Ko marched almost at the end of the parade. This is great picture of Ko except for the minor problem of the green flag where his face should be. I warned you I’m a lousy photographer.


The Ko P ladies.


We’re going to win! One City, One Family!

8 Responses to “Ko parade”

  1. ジェームス (@jmstwn) Says:

    Picture 3: that’s not the Holy Family but you’re on the right track. It’s Mother Teresa on the left (http://www.marypages.com/TeresaMother.jpg) and the most famous evangelist to Taiwan, George Mackay on the right (http://genealogy.ocl.net/twinning/images/mackay_photo.gif).

    • ジェームス (@jmstwn) Says:

      Yao Wen-chih is a DPP legislator and Yao Liming is Ko’s campaign director, right?
      I really enjoyed the photos, thanks! I walked in the parade rather than watching so I didn’t see this much of it. We walked past a number of city council and borough chief candidates who were standing by the side of the road wherever the parade went through their districts, shaking hands and taking pictures. Letting the street sweep them rather than sweeping it themselves.

    • frozengarlic Says:

      Thanks for the corrections. Since I stood in one place the whole time, I completely missed the candidates. However, greeting the marchers as they go by is probably a much better campaign strategy than marching along with them.

  2. pohao Says:

    The description of the 8th picture should be Yao Li-Ming (姚立明).

  3. ジェームス (@jmstwn) Says:

    It’s very true that dictators resort to unity-and-harmony arguments (often under strictly defined depictions of citizens and the state) and we’ll have to see how Ko governs. What’s being promised here is more like Jesse Jackson’s National Rainbow Coalition, which brought together a disparate collection of the disenfranchised to push for populist goals. The rainbow of flags is a literal example of that.
    Both the Rainbow and Ko coalitions -were- pushing against an opponent: wealthy and powerful interests benefiting from the ruling neoliberal system, symbolized all too well by Lien. The challenge of governing will be finding the right places to push against this perceived elite enemy.

  4. Char Aznable Says:

    I don’t know what bubble soccer is but I guess it’s more likely than King Bob-omb campaigning for Ko.

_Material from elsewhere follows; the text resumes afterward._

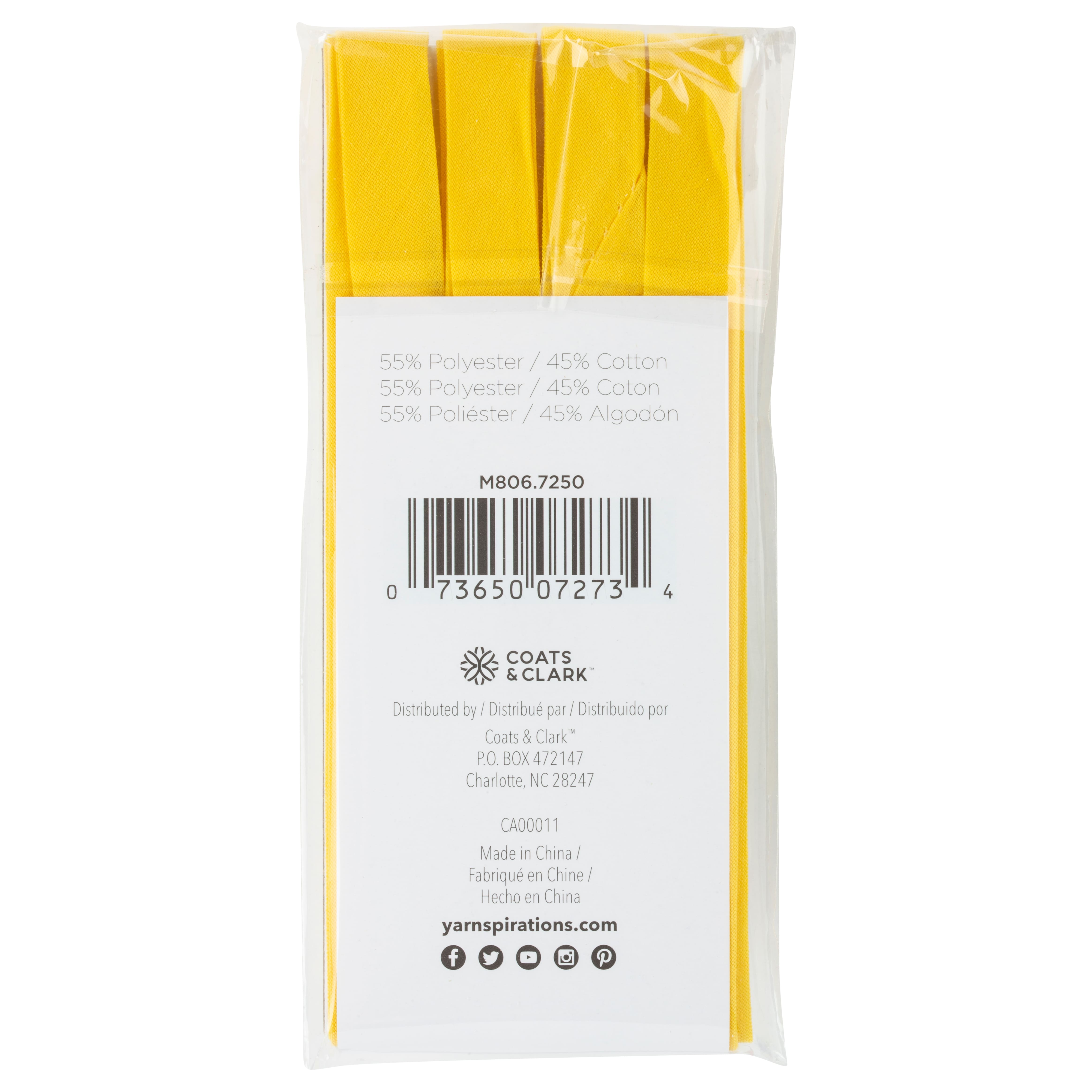 Coats &#x26; Clark&#x2122; Extra Wide Double Fold Bias Tape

  5. Weedlord Bonerhitler Says:

    I’m not 100% sure, but I think that girl in “Aboriginal” dress is in traditional Amis clothing. There are 14 very different tribes, it’s kind of not great to just constantly lump them all together as “Aborigines”. It’s like saying someone is in “Asian” dress.

    • frozengarlic Says:

      I think you are probably correct, since Amis is usually the default for Han people wishing to talk about Aborigines. To be honest, I can’t tell the traditional garb of each tribe, which is a reflection of my limitations and priorities. (I can’t tell traditional Han, Korean, or Japanese garb apart half the time either, much less German, Austrian, or Swiss. I just don’t care much about clothes.) However, you probably shouldn’t get too self-righteous. By insisting that there are exactly 14 tribes, you are insulting the ones who have not obtained official government recognition but nonetheless insist they have a separate identity. You can always cut categories into smaller slices, but that is a never-ending process. We all have to resort to bigger categories sometimes.